Leila’s mother was rumored to disapprove of E.C.’s status as a divorcee but whether or not there was current marital discord is unknown. An alleged relative of the Lewis family started a thread on Reddit suggesting that Leila had planned on returning to Bladenboro the weekend she disappeared but because there were issues between her mother and E.C., he would have stayed at home.

If Leila were packing and suddenly realized that she needed another bra the decision to go shopping at 9:00 p.m. makes more sense. Being unfamiliar with Leila’s normal habits I can’t say whether or not this behavior was unusual. This is also true for leaving her rings by the sink. Some people believe this indicated an intent to leave behind her life with E.C. and start over elsewhere but in reality maybe she simply removed them to wash dishes.

It’s also possible that Leila and Mary Rachel disappeared earlier in the day or even before May 10. The statement that she’d left at 9:00 p.m. was relayed to the police by the husband. Did anyone else see the mother and daughter at the beach or around town on May 10? If E.C. had something to cover up (and I’m not saying that he did), a phony timeline would be a clever way to throw off the investigation. It also seems odd that Leila’s brother, who was reportedly in town purchasing lumber, would show up at the Bryan home that late at night, particularly if his sister already had plans to visit them over the weekend.
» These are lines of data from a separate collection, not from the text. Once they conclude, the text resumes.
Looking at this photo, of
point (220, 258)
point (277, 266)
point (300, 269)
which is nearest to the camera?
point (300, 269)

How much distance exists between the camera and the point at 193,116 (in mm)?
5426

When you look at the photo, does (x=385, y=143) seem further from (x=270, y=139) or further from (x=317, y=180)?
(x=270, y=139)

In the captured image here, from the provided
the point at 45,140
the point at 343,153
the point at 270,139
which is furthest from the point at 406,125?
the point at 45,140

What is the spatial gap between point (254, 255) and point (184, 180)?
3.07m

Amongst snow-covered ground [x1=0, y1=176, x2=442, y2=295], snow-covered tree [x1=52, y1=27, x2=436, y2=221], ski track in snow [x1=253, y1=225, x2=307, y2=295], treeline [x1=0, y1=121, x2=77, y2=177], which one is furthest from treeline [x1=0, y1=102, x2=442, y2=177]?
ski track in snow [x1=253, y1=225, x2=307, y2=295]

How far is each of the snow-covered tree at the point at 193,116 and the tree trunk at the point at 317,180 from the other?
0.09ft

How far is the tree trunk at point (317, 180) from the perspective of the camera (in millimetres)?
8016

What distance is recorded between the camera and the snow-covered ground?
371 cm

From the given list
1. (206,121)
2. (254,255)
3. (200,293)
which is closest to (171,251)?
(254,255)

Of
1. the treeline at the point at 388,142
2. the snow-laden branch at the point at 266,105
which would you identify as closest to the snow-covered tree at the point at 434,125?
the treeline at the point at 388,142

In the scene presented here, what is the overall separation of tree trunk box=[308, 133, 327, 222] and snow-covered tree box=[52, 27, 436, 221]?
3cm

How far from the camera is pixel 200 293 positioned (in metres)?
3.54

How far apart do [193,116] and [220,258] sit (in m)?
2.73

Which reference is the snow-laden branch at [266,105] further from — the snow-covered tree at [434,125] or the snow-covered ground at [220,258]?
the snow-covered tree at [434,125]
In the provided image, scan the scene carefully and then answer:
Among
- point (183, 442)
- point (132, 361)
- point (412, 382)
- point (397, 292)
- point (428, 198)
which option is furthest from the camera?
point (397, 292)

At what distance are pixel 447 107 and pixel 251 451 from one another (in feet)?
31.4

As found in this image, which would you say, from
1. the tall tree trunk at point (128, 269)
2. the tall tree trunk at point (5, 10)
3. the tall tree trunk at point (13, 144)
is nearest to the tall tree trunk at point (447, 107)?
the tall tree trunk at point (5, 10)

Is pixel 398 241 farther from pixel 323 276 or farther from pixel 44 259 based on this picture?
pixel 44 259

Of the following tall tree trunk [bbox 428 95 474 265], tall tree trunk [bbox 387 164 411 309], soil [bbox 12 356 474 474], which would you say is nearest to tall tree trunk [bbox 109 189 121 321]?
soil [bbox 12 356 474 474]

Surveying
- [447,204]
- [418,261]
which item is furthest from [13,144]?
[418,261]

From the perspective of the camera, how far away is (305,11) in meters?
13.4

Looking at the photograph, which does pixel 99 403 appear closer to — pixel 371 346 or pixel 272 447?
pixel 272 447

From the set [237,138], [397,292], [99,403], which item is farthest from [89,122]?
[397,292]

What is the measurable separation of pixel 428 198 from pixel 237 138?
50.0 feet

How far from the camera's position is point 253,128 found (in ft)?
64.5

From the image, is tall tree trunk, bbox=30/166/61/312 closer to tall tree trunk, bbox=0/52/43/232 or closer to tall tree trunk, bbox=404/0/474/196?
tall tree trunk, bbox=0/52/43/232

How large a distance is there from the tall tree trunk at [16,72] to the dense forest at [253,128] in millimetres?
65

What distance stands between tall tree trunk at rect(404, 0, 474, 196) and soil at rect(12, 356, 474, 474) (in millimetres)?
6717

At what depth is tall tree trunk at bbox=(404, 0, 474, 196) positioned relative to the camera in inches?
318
Of course, without knowing much else about the nature of this drop-in I can only speculate. Perhaps he needed a place to stay for the night since they were a fair distance from Bladenboro. Maybe his sister was supposed to arrive earlier and her brother came to check in on a hunch. Did Barry/Berry come enter calmly or was the situation already tense upon his arrival?

Another possibility is that Leila drove into one of the surrounding bodies of water, either accidentally or on purpose. Authorities dragged the waterways and searched the marshes in the 1940s, but those investigators didn’t have access to equipment, technology, and know-how available today. The mental image of the pair entombed in their Ford Coupe after all these decades under water is haunting.
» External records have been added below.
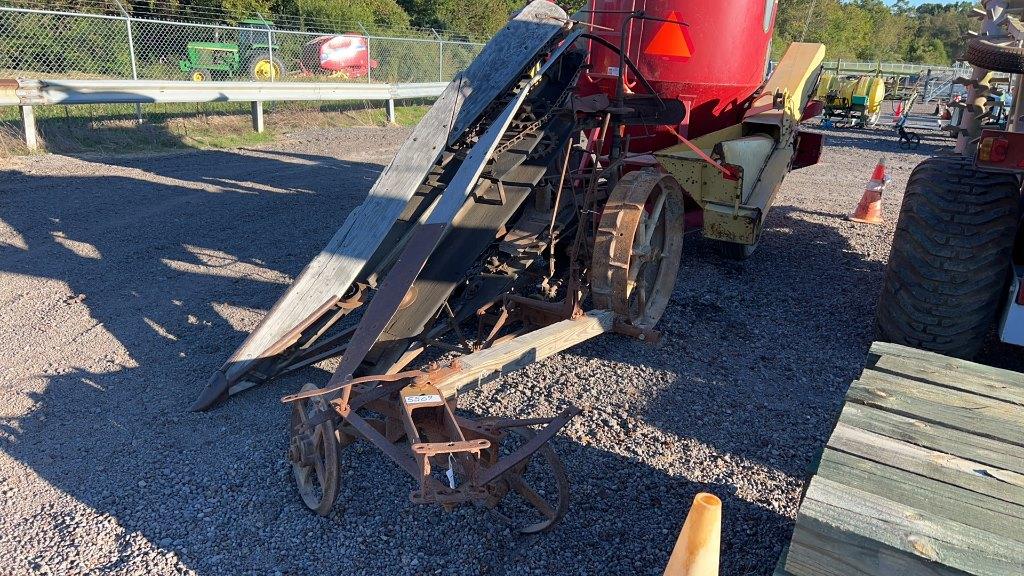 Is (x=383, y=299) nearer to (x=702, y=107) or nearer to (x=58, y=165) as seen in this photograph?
(x=702, y=107)

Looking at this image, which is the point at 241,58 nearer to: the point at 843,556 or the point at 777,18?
the point at 843,556

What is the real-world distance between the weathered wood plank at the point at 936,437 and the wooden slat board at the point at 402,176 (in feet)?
9.23

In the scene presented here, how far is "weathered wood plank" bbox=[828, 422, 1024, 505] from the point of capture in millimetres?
1987

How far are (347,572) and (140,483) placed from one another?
115 centimetres

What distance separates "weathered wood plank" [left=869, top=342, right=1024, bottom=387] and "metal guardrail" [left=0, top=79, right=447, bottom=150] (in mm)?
10501

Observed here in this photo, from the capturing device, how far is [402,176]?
4805 millimetres

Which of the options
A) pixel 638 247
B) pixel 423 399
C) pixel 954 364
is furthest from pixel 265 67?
pixel 954 364

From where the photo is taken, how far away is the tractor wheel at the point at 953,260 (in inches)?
164

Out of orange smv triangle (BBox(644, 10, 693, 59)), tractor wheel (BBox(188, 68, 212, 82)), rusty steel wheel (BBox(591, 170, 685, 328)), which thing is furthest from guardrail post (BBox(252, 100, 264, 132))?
rusty steel wheel (BBox(591, 170, 685, 328))

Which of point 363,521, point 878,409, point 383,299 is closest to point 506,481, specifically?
point 363,521

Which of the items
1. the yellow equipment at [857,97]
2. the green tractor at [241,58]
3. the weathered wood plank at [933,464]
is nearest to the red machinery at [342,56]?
the green tractor at [241,58]

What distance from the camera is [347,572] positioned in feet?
9.04

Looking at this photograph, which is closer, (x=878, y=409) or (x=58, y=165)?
(x=878, y=409)

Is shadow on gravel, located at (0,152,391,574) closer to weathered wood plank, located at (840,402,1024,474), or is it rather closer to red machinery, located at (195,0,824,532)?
red machinery, located at (195,0,824,532) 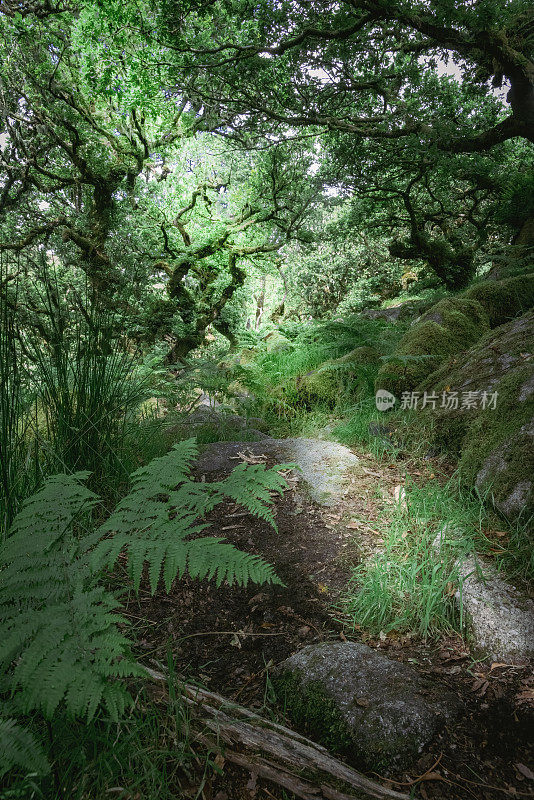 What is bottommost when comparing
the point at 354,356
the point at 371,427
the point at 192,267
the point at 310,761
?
the point at 310,761

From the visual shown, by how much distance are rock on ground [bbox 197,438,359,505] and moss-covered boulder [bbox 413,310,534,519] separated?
2.33 ft

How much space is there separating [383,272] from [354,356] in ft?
40.7

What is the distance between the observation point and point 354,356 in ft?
15.6

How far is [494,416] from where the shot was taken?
8.26ft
If Leila and Mary Rachel were murdered were they buried in a sewer line, deposited into a swamp, washed out to sea, or disposed of in another manner? If so, who killed them and why? Is there any credence to the notion that the mother and daughter fled North Carolina and went on to live elsewhere under new identities?

There are so many unanswered questions in this case and unfortunately we may never know what really happened.






I do not believe she just ran off I think they were murdered. This story really pulled at me and I felt it needed to be shared.